Es gibt ca .... 1 hoch n Scripte im Web, die zur freien Verfügung stehen ... womit wir wieder bei der Frage nach dem "Ziel" sind.

Eigentlich _könntest_ Du Dir eine Funktion, die Schriftgrößen manipuliert sparen, diese Funktion ist, wenn ich mich nicht irre, in jedem Browser implementiert.
IE: Ansicht -> Schriftgrad oder STRG + Mausrad
Opera: rechtes, oberes Aufklappmenü oder ebenfalls STRG + Mausrad

Aber ich schweife ab, diese Art und Weise funktioniert nicht, wenn Du den Text via CSS formatierst.

Die Auswirkungen liegen eigentlich klar auf der Hand. Wenn der Schriftgrad verkleinert wird, passt mehr Text auf eine Seite - wird er vergrößert, passt entsprechend weniger Text auf eine Seite.
Ergo kann sich der Content natürlich verschieben ...

Am besten konkretisierst Du aber Deine Aussage, was Du genau brauchst und suchst usw. Das macht das Antworten wesentlich leichter.


----------



## prefix (3. September 2003)

ad schriftgröße: definier sie in prozent, nicht im em (schriftgrößenbug in opera) - der user kann sie dann immer noch vergrößern

ad farbkontraste: ca. 10 % der männer leiden an der rot-grün-schwäche, daher diese auf keinen fall nehmen. farben auch immer von seh-benachteiligten (es reicht oft schon die oma) durchtesten lassen

viel mehr dazu gibt es auf http://www.einfach-fuer-alle.de/

auch das gesuchte javascript findest du dort frei verfügbar


----------



## Gumlot (4. September 2003)

Also mein Ziel ist es eine Webseite/CMS für eine größere Firma zu entwickeln welche dann auch barrierefrei sein soll .

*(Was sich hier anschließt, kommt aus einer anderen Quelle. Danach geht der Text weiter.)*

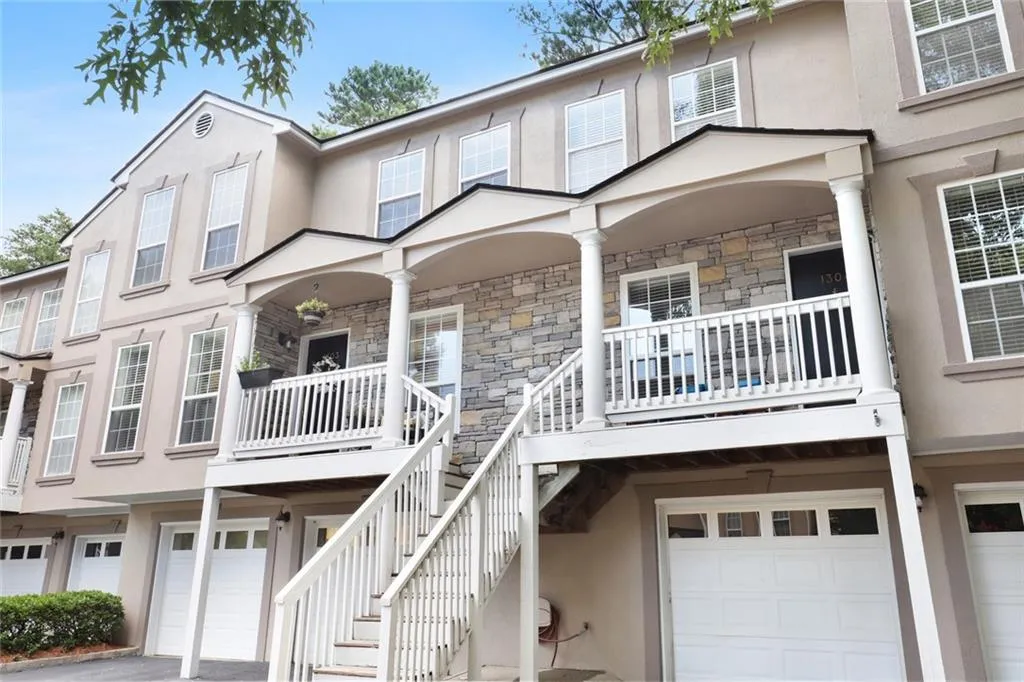 1303 Masons Creek Circle, Sandy Springs, Georgia 30350, 3 Bedrooms Bedrooms, ,2 BathroomsBathrooms,Residential,Sold,1303 Masons Creek Circle,6752818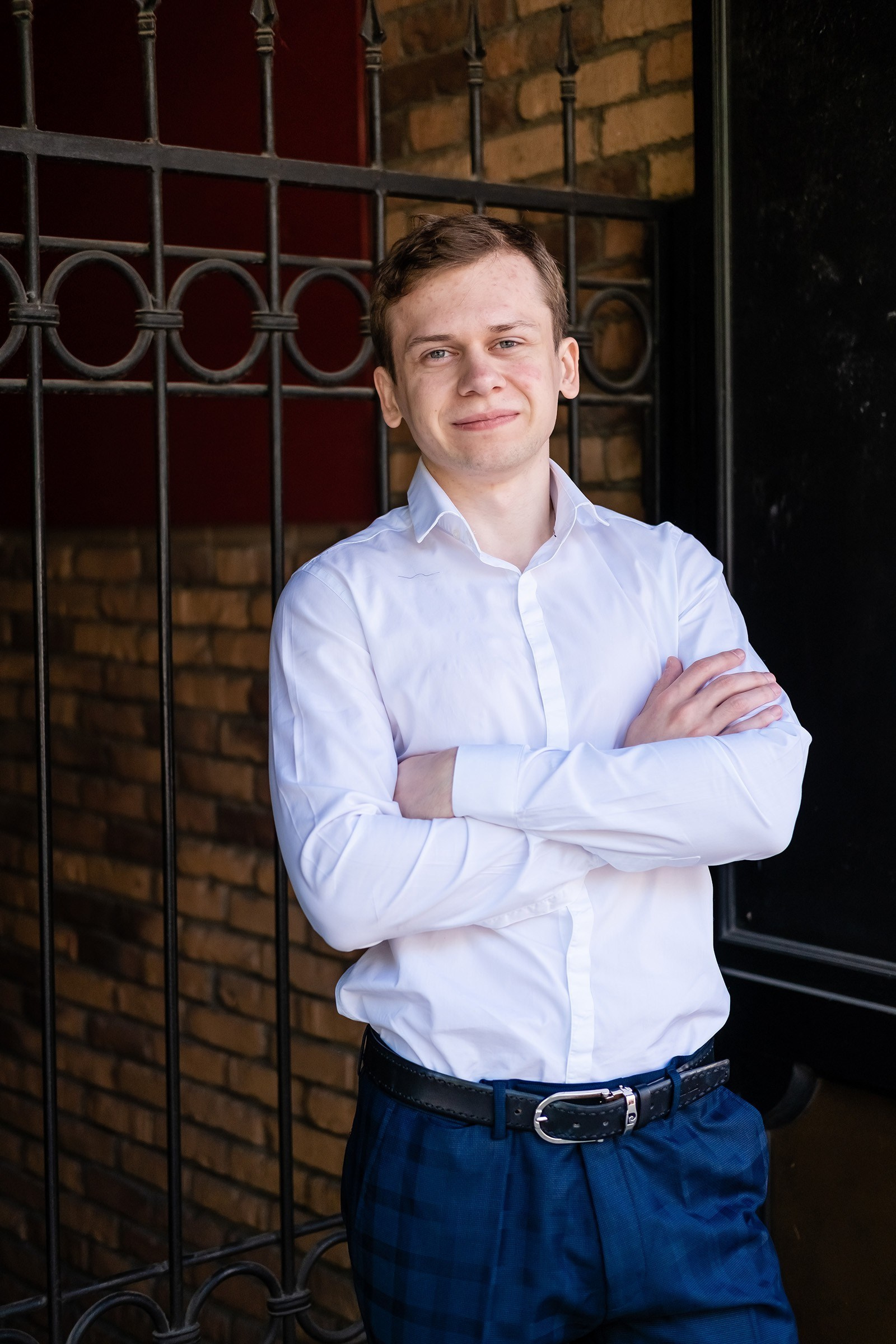 мужская фотосессия для сайта знакомств социальных сетей фотограф в Красноярске цена заказать мужскую фотосессию бизнес портрет мужские фото для знакомства с девушкой брутальная фотосессия в городе фотостудии имиджевая фотосессия для мужчины для бизнеса идея  места пример фото образы стилист Красноярск позы для мужской фотосессии генерация фото фотосессия ИИ промты для фотосессии нейросеть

Aber so weit hat sich so gut wie alles erledigt , habe mittlerweile die meisten Sachen gefunden welche ich gesucht habe !

 for help


----------



## el-medien (25. Oktober 2003)

Barrierefreie Webseiten bedeutet nicht , das man irgendetwas vergrößert oder farblicher Darstellt. Sondern dabei nicht vergisst, das auch blinde Menschen etwas "sehen" können. Man darf zum Beispiel den ALt-Text eines Bildes nicht vergessen.Hierbei sollte man das Bild beschreiben sonst erhält der Besucher die Ausgabe >Bild<. Mann kann sich ja vorstellen wie sich das anhört wenn man eine Gallerie betritt. in großen und ganzen sollte man halt den Alt-Text von jedem Objekt ausschreiben wie: Schaltflächen...Sehr schwierig bei Flash. Die alternative dazu wäre natürlich, das sich der Besucher schon auf der Startseite aussuchen kann ob er nur Text, also nur Textausgabe, oder halt mit Bildern und Bildbeschreibung.


----------



## GoLLuM (27. Oktober 2003)

> _Original geschrieben von pitter _
> *Es gibt ca .... 1 hoch n Scripte im Web, die zur freien Verfügung stehen ... *


öhm..... also 1 hoch 100.000.000 is immer noch 1 

und dann verstehe ich immer ncoh nicht so genau was *barrierefrei* heißen soll. meinste damit, das es auf allen browsern gleich dargestellt wird oder was?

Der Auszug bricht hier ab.